Japan to remain in space station project
Prime Minister Shinzo Abe announced Tuesday that Japan will remain part of the International Space Station project when it is extended until 2024, strengthening its alliance with the US.
Tokyo: Prime Minister Shinzo Abe announced Tuesday that Japan will remain part of the International Space Station project when it is extended until 2024, strengthening its alliance with the US.
The four-year extension was proposed by the US in January 2014 extending the ISS project beyond 2020 in the hope of using the facility as a foothold for an eventual manned mission to Mars.

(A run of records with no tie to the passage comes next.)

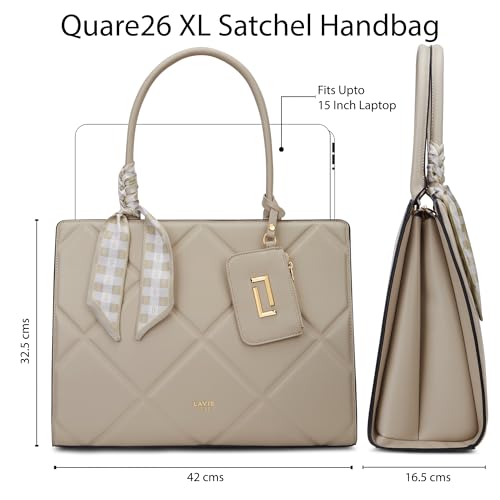Image of Lavie Luxe Women's Quare26 Extra Large Laptop Satchel Bag | Upto 14 Inch | Satchel Handbag for Work | Ladies Purse | Stylish Shoulder Bag | Gift for Women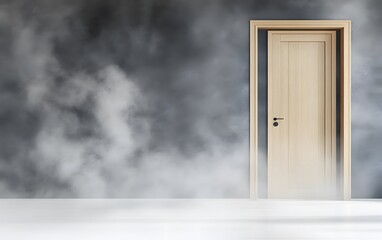 Mysterious Foggy Room with Wooden Door Interior Design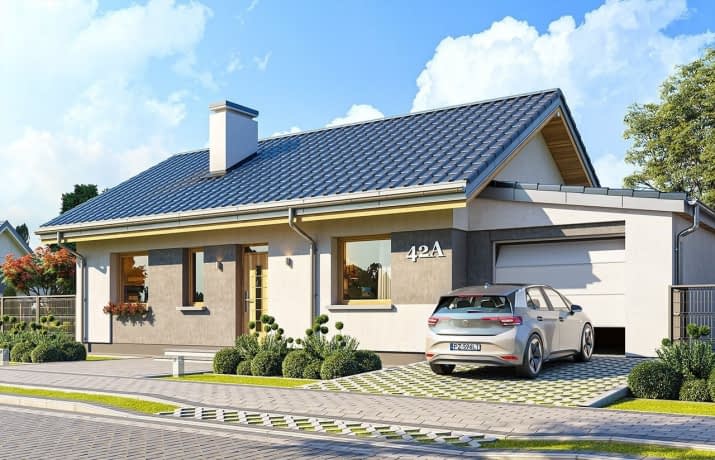 Projekt domu Kasia 4 – wizualizacja od frontu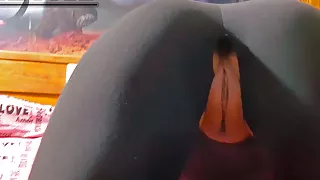 Sexy Girl In Leggings With Shaved And Wet Tight Vagina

Of the 15 countries participating in the ISS, Russia and Canada have already expressed their intent to remain in the project, while European members are yet to decide.
“We will faithfully implement the schedule for our basic space program and work on an aggressive space strategy,” the Japan Times quoted Abe as saying during a meeting on space development.
As the sole Asian member of the ISS project, Japan plans to stick with the extended project on the condition that other Asian countries are given a chance to use the Japanese laboratory unit Kibo, which is currently shared with the US.
The Japan Aerospace Exploration Agency is also considering providing a next-generation life-support system to the ISS, officials said.
So far, Japan has invested 900 billion yuan ($7.3 billion) toward the ISS project.
The ISS, constructed between 1998 and 2011 in an orbit some 400 km above Earth, is a massive facility comprising laboratories, living quarters, solar panels and other sections.